▽
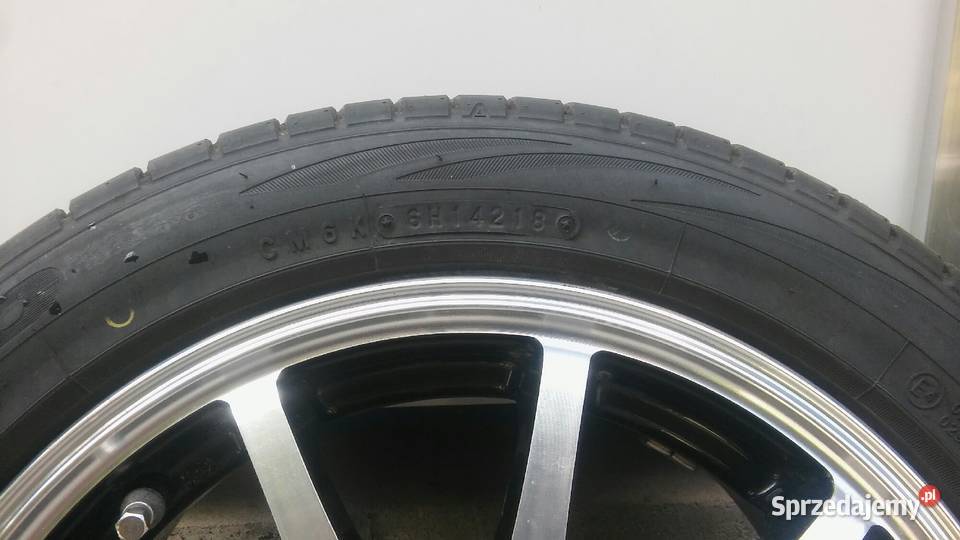 Alufelgi dezent 15x65J 4x100 lubelskie Lublin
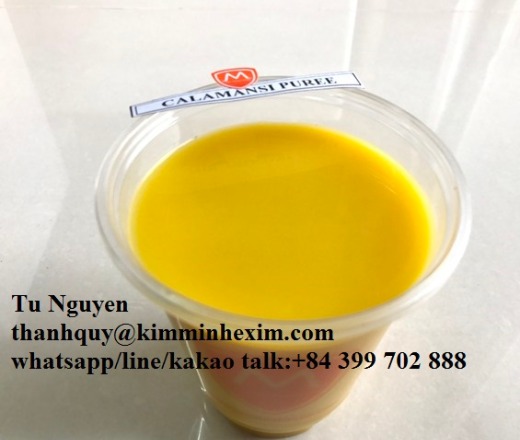 FROZEN CALAMANSI PUREE BULK SUPPLIER
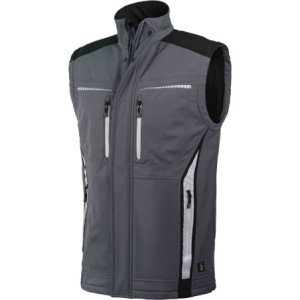 Leibwächter Soft. Bodywarmer gr/sw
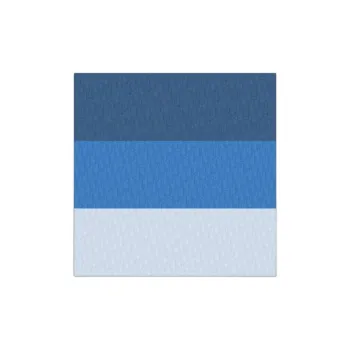 DIOR Cotton, Silk Knit Scarves Unisex Blue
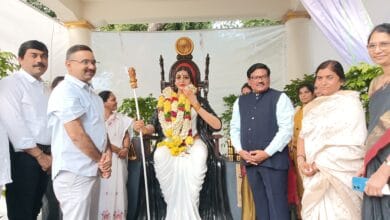 GUNTUR DISTRICT NEWS: జిల్లా కోర్టు వద్ద ఘనంగా న్యాయ దేవత విగ్రహావిష్కరణ GUNTUR DISTRICT NEWS: జిల్లా కోర్టు వద్ద ఘనంగా న్యాయ దేవత విగ్రహావిష్కరణ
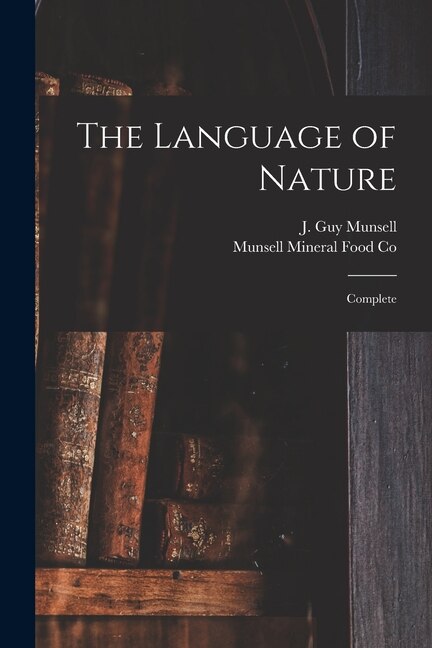 Couverture_The Language of Nature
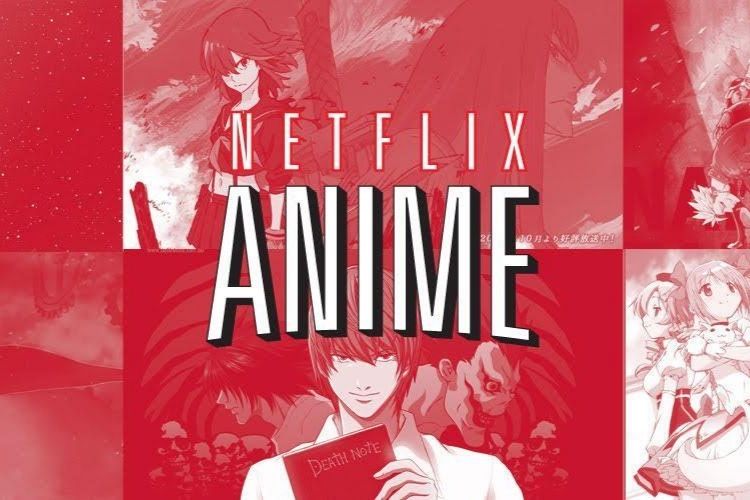 upcoming new anime movies and series on Netflix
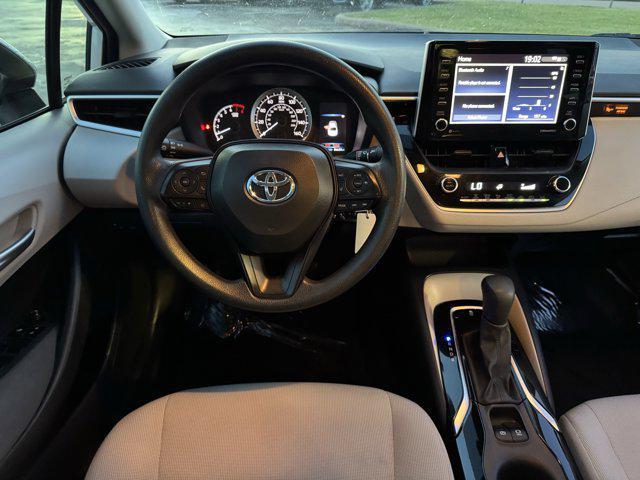 used 2021 Toyota Corolla car, priced at $15,200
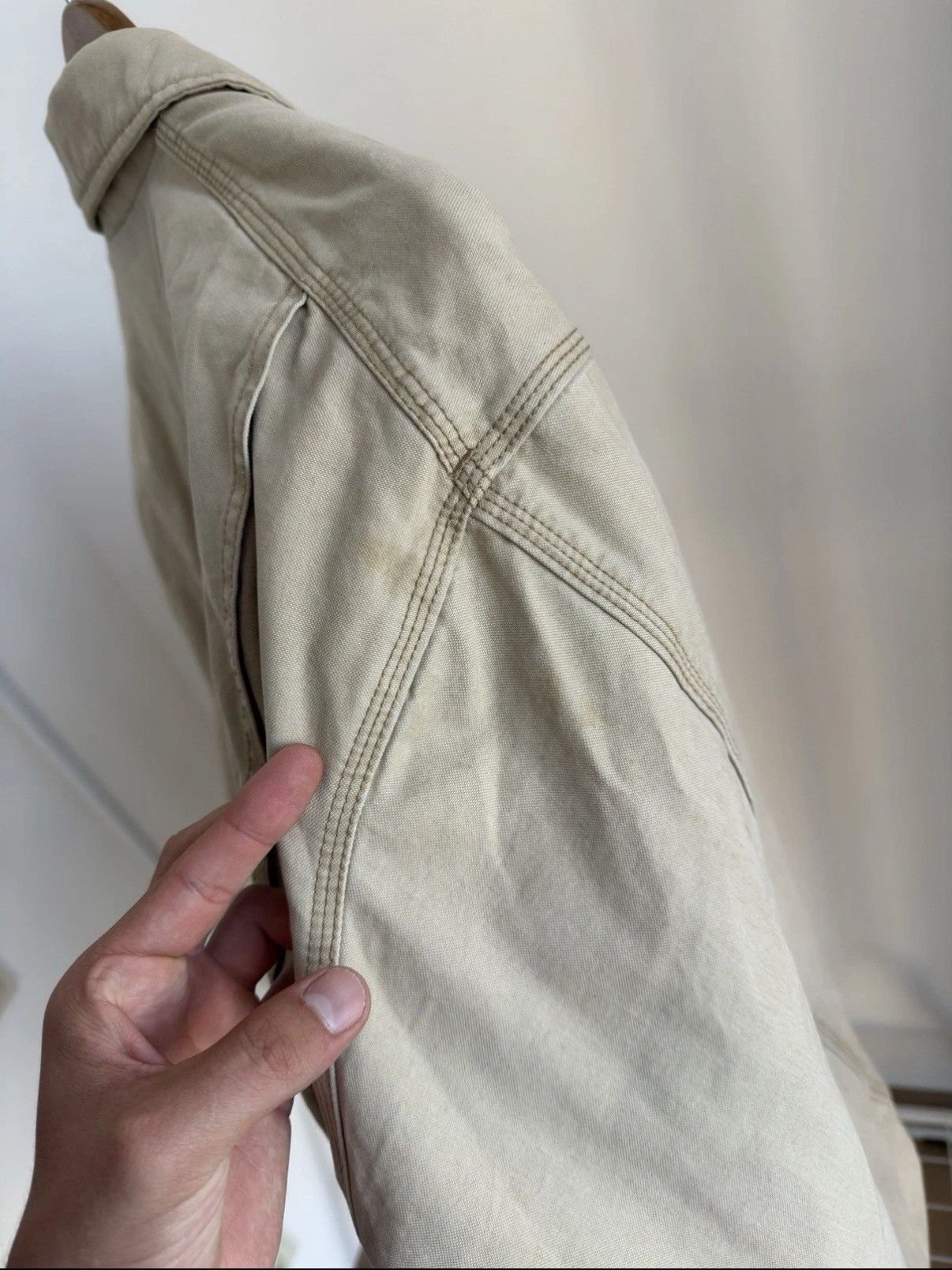 Diesel DIESEL VINTAGE DETROIT RETRO 90s BEIGE JACKET SIZE XL MEN Size US XL / EU 56 / 4 - 11 Thumbnail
△
■ TASK INSTRUCTIONS
Each entry above should be written out again exactly, without its pictures.

■ ANSWER BOX
 Alufelgi dezent 15x65J 4x100 lubelskie Lublin
 FROZEN CALAMANSI PUREE BULK SUPPLIER
 Leibwächter Soft. Bodywarmer gr/sw
 DIOR Cotton, Silk Knit Scarves Unisex Blue
 GUNTUR DISTRICT NEWS: జిల్లా కోర్టు వద్ద ఘనంగా న్యాయ దేవత విగ్రహావిష్కరణ GUNTUR DISTRICT NEWS: జిల్లా కోర్టు వద్ద ఘనంగా న్యాయ దేవత విగ్రహావిష్కరణ
 Couverture_The Language of Nature
 upcoming new anime movies and series on Netflix
 used 2021 Toyota Corolla car, priced at $15,200
 Diesel DIESEL VINTAGE DETROIT RETRO 90s BEIGE JACKET SIZE XL MEN Size US XL / EU 56 / 4 - 11 Thumbnail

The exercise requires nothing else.